This morning we have heard two marvellous stories of mountain-top experiences and shining faces. It makes sense that they would go together. I am not trying to diminish the significance of either of these accounts, and there must be degrees of shining, but honestly, have you never seen a shining face? I can think of a few weddings when I could hardly bear to look at the brilliant joy of a bride and groom as they stood there. I remember the face of my husband when we brought our first newborn home from the hospital. Glowing, emitting energy. You have your own memories, and I suggest, your own mountain-top experiences also.
What then about these stories? The Book of Exodus is part of the history of the Hebrew people and their relationship with their God. Moses, in the 13th or 14th century BCE led a few hundred of his people out of slavery in Egypt toward a Promised Land somewhere in the future. In the previous chapter of Exodus, it is clear that Moses is losing his authority as a leader and the people are losing their will to continue. They had even started worshipping the images of other tribes along the way.
Moses complained to the Lord, “You chose me to do this! Where are you? If you do not show your Presence to us, how do we know that we are your people, and how do I know that I am to lead them?”
The Lord answered, “I hear you. Meet me in the morning up on the mountain, and I’ll show you my glory. Oh, and by the way, cut two tablets of stone and I’ll write words on them.” And so it was.

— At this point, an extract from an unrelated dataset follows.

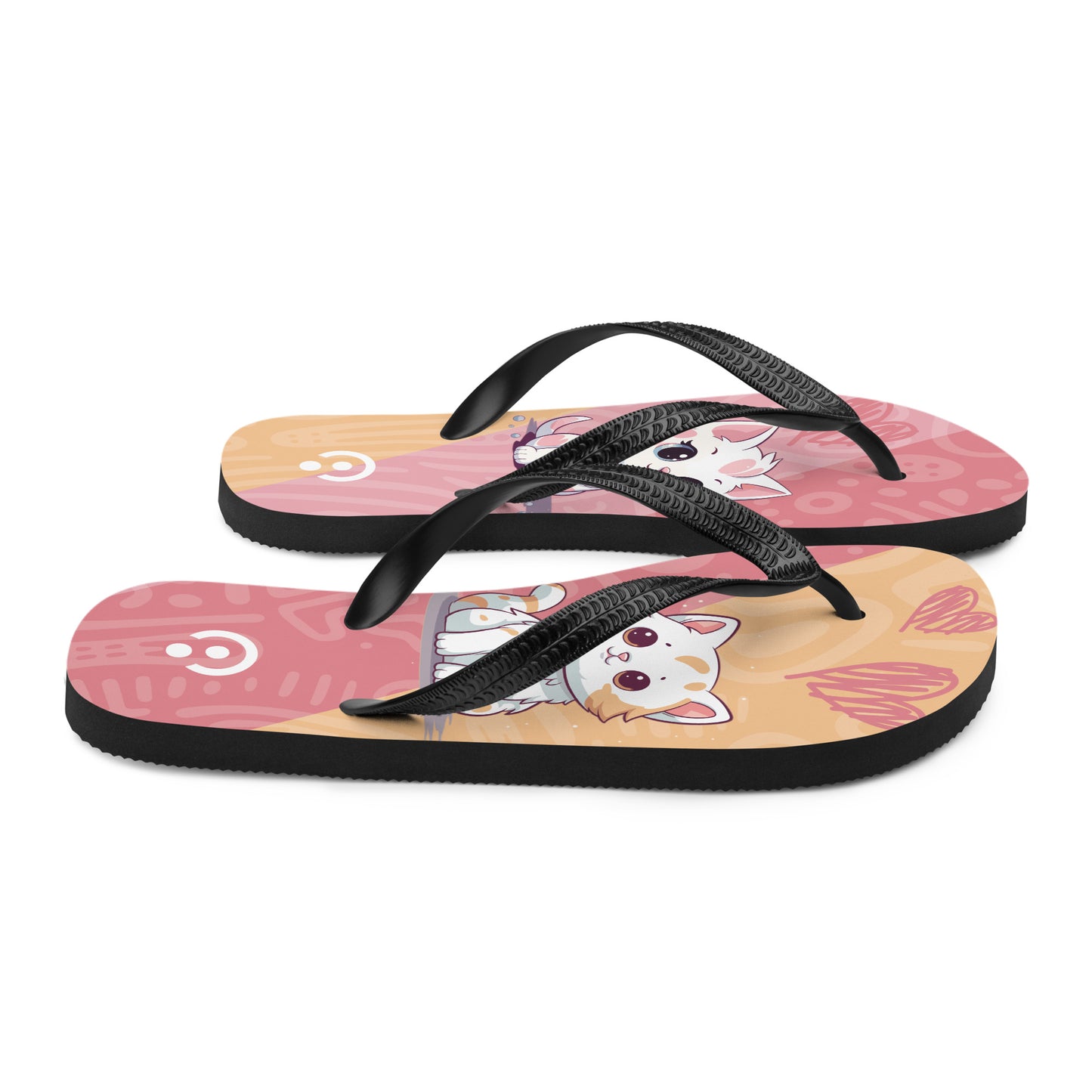 Cute Orange and Pink Cats Flip-Flops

As our text begins this morning, we heard, “Moses came down from Mount Sinai. As he came down from the mountain with two tablets of the covenant in his hand, Moses did not know that his face shone because he had been talking with God.

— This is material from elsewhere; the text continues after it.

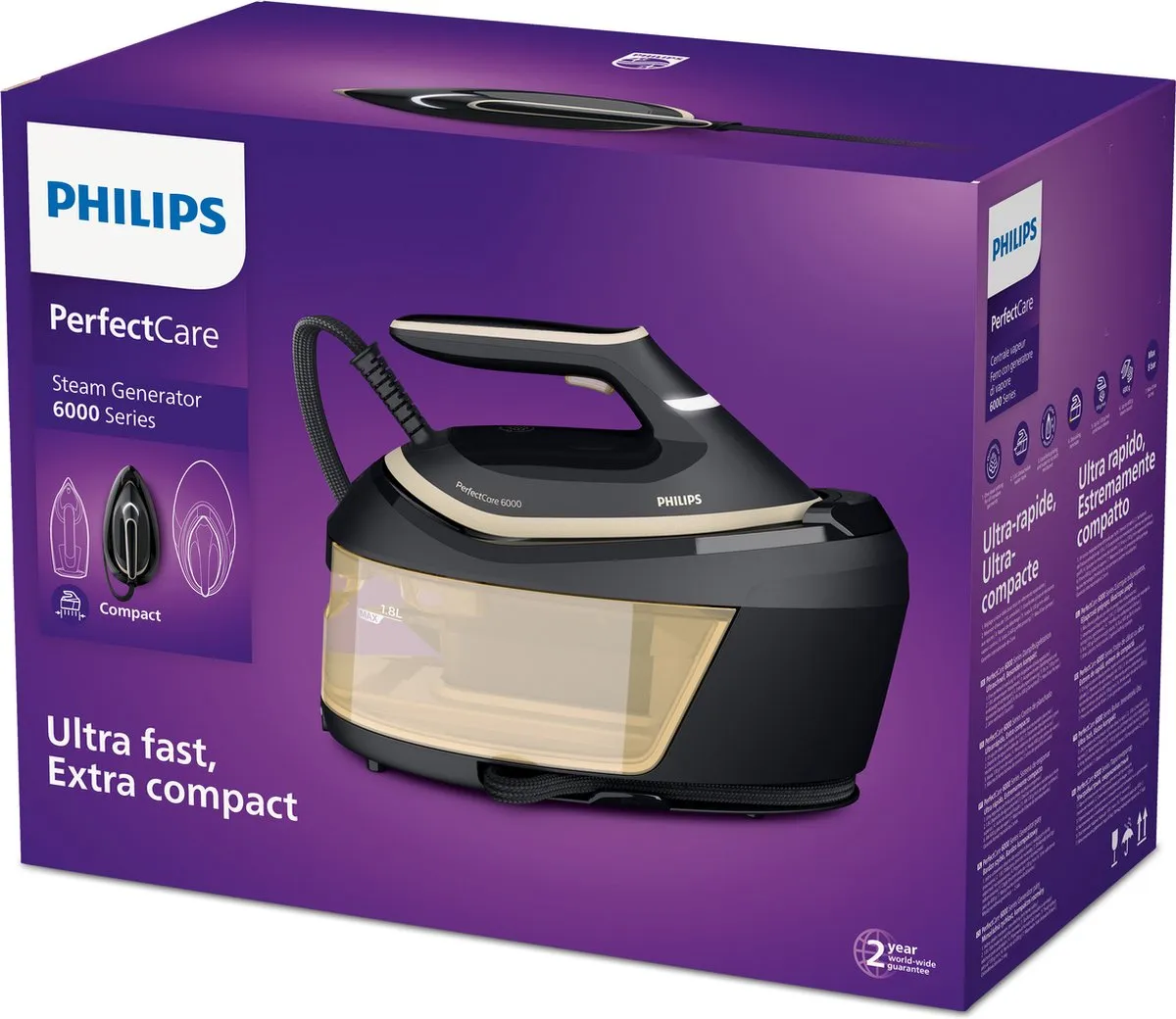 Philips PerfectCare 6000 PSG6064/80 Stoomgenerator 1.8L - Goud/Zwart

Moses was a changed man, so changed that the people were afraid, in awe of him. Now with his authority confirmed, he was strengthened ; just to make sure, he put a veil over his face before the shining faded.. The decision was made. Their journey to the Promised Land continued.

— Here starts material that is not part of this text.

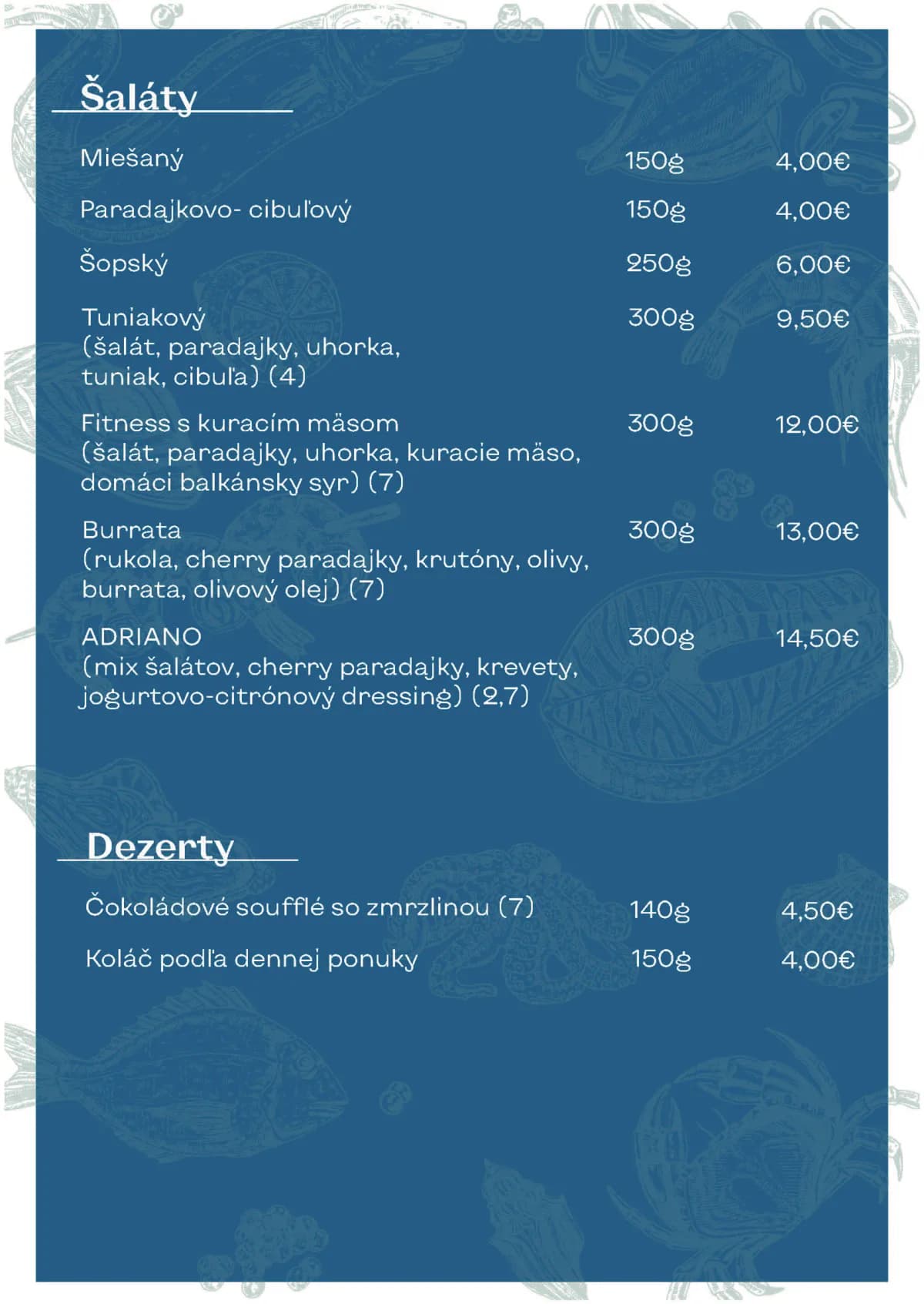 Trenčín menu spread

The other Scripture reading this morning is from the Gospel of Luke, the account of an event known as the Transfiguration. It is some indication of how little we understand this event that the word “transfiguration” itself means only literally “a change in appearance”. Over the years theologically, however, transfiguration has taken on the additional “heaven comes down to earth” meaning of this pivotal point in Jesus’ ministry.
As Luke tells us, in the preceding chapter, Jesus is at the height of his ministry. His healing and his teaching are gaining much attention throughout Galilee and beyond. Just a few days earlier, a huge group of people around him, maybe as many as five thousand, had been fed miraculously when there seemed to have been no food.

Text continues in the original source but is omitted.